The EU had already begun a review of its MiFID II securities law and a European Commission discussion paper set out initial ideas on how this could become part of a “COVID recovery package”.

“This note aims to initiate a debate on whether urgent remedies across the spectrum of securities markets legislation might serve as one of many tools to facilitate an early recovery after the COVID crisis abates,” the document seen by Reuters said. It follows a “quick fix” package of capital relief measures for banks.

Ideas include confining cost and charges disclosures to retail investors, reducing the need for a “suitability assessment” each time an investment decision is taken, and easing the requirement for conversations with investors to be recorded.

Stringent protections for products could be confined to more complex products, it added.

It suggests a temporary five-year suspension of rules that require detailed record keeping when issuers “sound out” investors about interest in a transaction. The need to keep “insider lists” could also be suspended for five years after the first listing.

The introduction of a “short form” prospectus for companies that are already listed in the bloc to raise money could also make it easier for companies to raise funds faster, it said.

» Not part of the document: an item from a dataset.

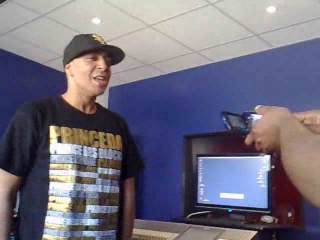 PRINCE DA - Interview Freestyle rap-as.com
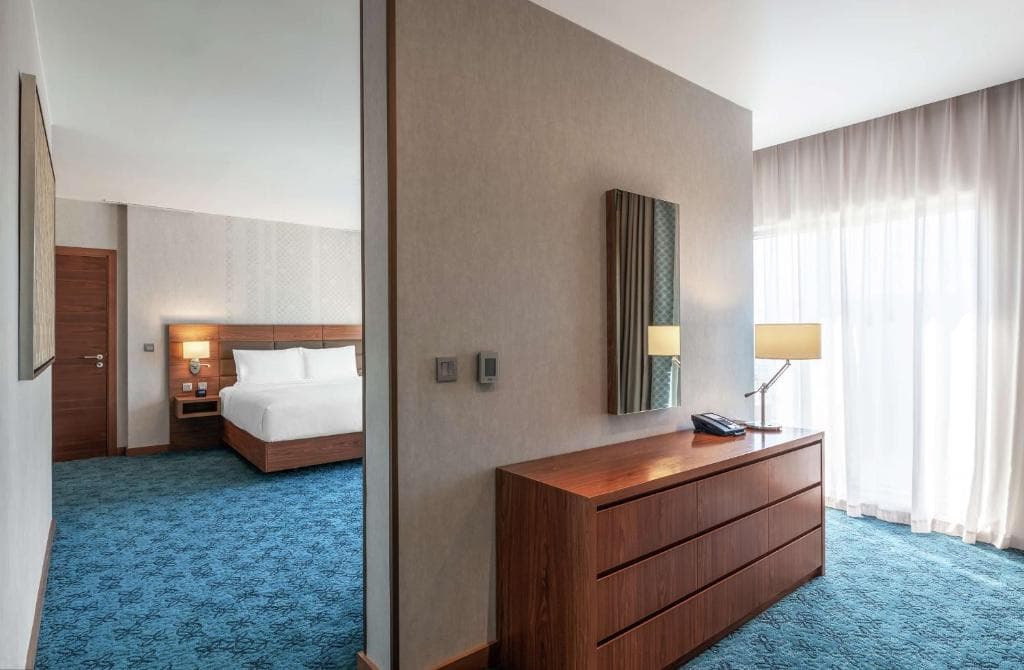 Hotel DoubleTree by Hilton Dubai Al Jadaf (ex. Hilton Garden Inn Al Jadaf) - 43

A prospectus is currently not needed for trading shares exchanged from other securities if they represent less than 20% of shares that has already been admitted to trading.

With rapid recapitalisation of companies needed after the COVID crisis, the 20% threshold could be temporarily suspended or increased, the document said.

A group of experts will publish recommendations next Wednesday to deepen the EU’s capital markets, a five-year project made all the more urgent by COVID-19 and Brexit.

The European Commission has said it will make legislative proposals for securities markets around October.